Tesla Cybercab sets a new EV efficiency benchmark at 10.25 kWh/100 km
The result does not come from the gradual refinement of an existing platform, but from an industrial choice focused from the outset on a single goal: transporting two passengers with the lowest possible energy consumption. The Cybercab therefore abandons the conventions of private cars, doing without a steering wheel, pedals, rear seats and much of the extra hardware normally needed to guarantee everyday versatility. Its structure takes the form of a two-seat autonomous capsule, with lower weight, smaller dimensions and far less mechanical complexity than a conventional electric saloon or crossover.
This design philosophy comes together with careful work on aerodynamics and powertrain energy management, two factors that help push specific consumption even lower. The battery pack reportedly sits at around 50 kWh, a modest capacity that should still allow a range close to 480 km thanks to the system’s overall efficiency. For a robotaxi fleet designed to operate in urban environments, the operational advantage becomes significant, as it translates into lower running costs, faster charging times and a smaller amount of raw materials needed for cell production.

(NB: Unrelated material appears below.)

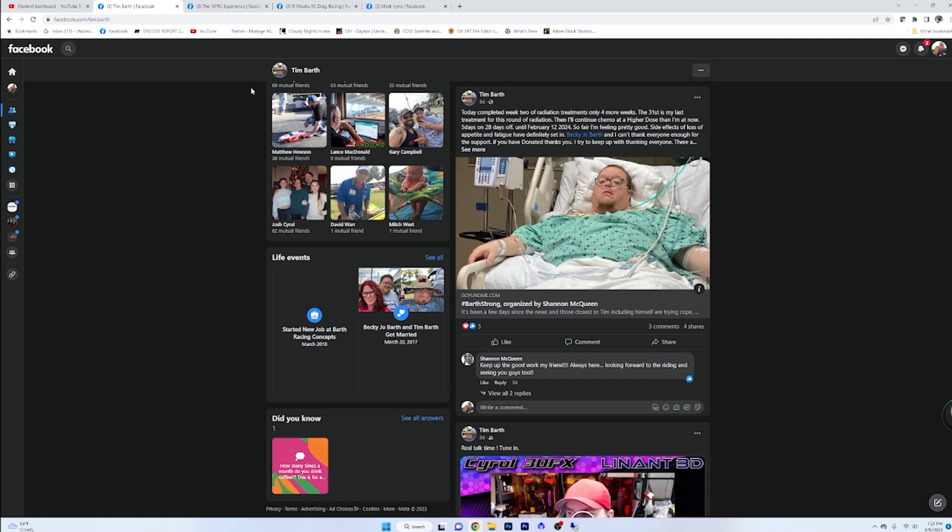He has a GoFundMe. Tim is a great friend of mine. He was one of the very first friends that I met in this hobby and we enjoyed a few great weekends together. He lives a state or two away. Hopefully we can get more time together as he progresses through his treatment here. Anything that you guys can do to help - a buck, two bucks, anything at all to that GoFundMe will really help him and his wife out.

Of course, the direct comparison with the Model 3, Lucid Air or Hyundai Ioniq 6 highlights an important difference. Those cars must carry four or five people, offer a usable boot and work well both in the city and on long journeys. The Cybercab, on the other hand, exists for a much narrower task, and its decision to eliminate everything unnecessary makes such low consumption possible. In other words, its efficiency comes more from specialization than from a true technological leap over the competition.
Efficiency alone, however, does not make the project sustainable. The Cybercab only makes sense if unsupervised autonomous driving truly works and gains the required approvals in different markets, something far from guaranteed given the challenges faced by FSD software and the regulatory resistance seen so far. Without full autonomy, the robotaxi risks remaining a technical exercise with limited real-world relevance.
The real challenge for Tesla, then, is not the battery or the aerodynamics, but the software. If the Cybercab manages to operate without a driver, its 10.25 kWh/100 km figure will become a benchmark for the entire sector, and one that will be very difficult to match for the reasons mentioned above.